*** Task inputs ***
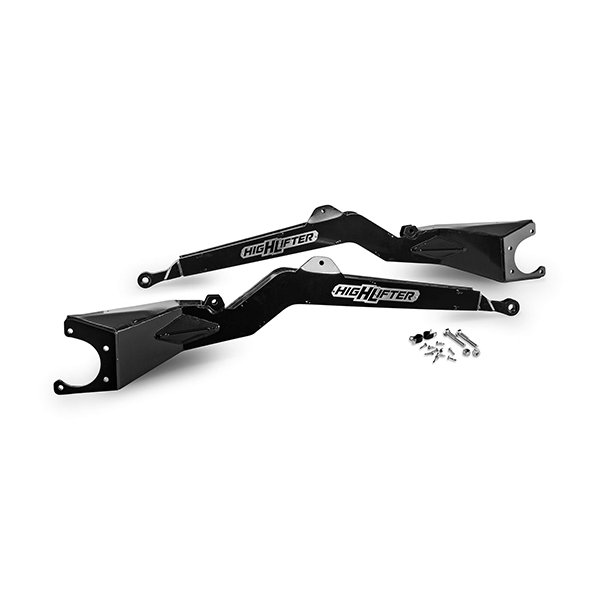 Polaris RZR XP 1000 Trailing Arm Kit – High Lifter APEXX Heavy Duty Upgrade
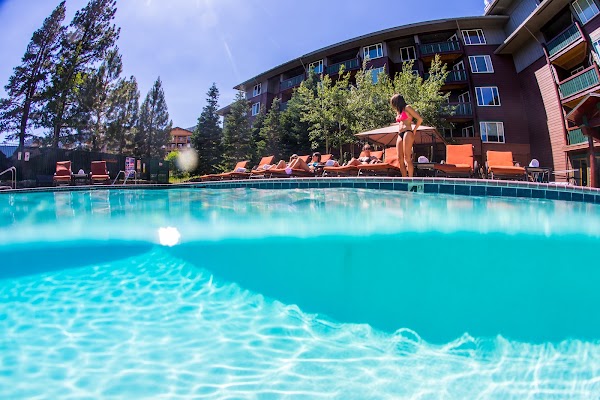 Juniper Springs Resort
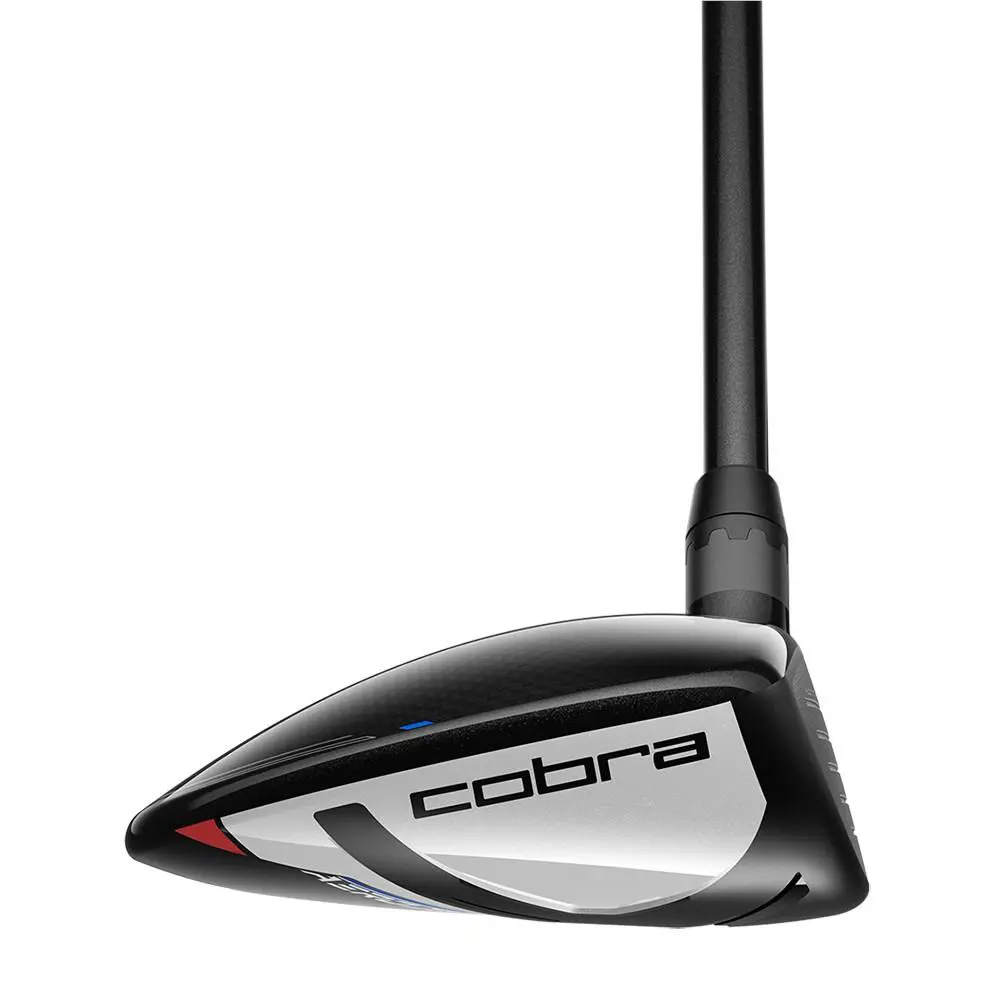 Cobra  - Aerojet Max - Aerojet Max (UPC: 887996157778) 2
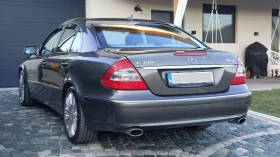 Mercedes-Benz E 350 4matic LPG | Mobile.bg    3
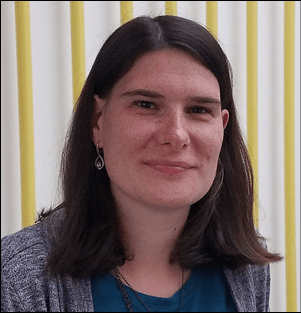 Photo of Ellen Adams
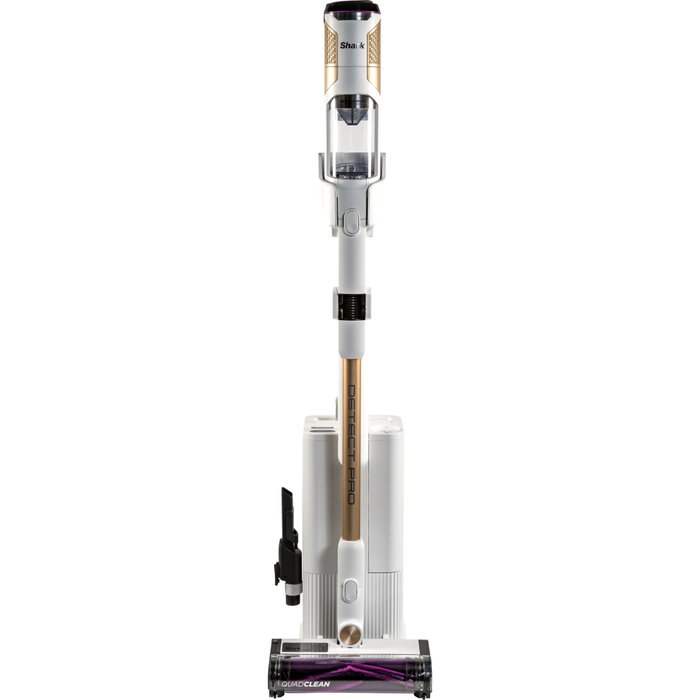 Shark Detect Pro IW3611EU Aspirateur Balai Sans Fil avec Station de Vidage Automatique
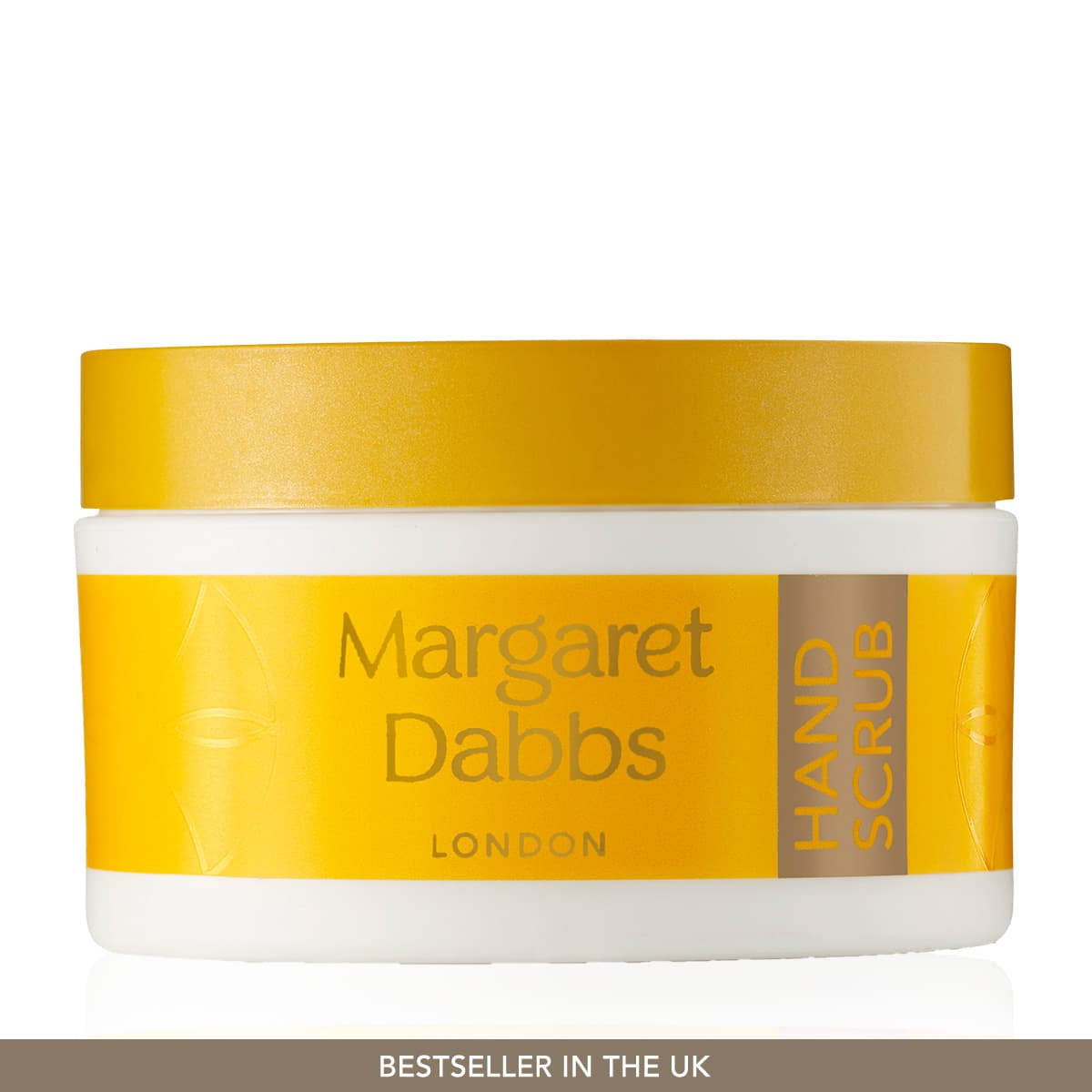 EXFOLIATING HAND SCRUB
***
About this exercise — Give back the material above exactly, but without its images.

Response area —
 Polaris RZR XP 1000 Trailing Arm Kit – High Lifter APEXX Heavy Duty Upgrade
 Juniper Springs Resort
 Cobra  - Aerojet Max - Aerojet Max (UPC: 887996157778) 2
 Mercedes-Benz E 350 4matic LPG | Mobile.bg    3
 Photo of Ellen Adams
 Shark Detect Pro IW3611EU Aspirateur Balai Sans Fil avec Station de Vidage Automatique
 EXFOLIATING HAND SCRUB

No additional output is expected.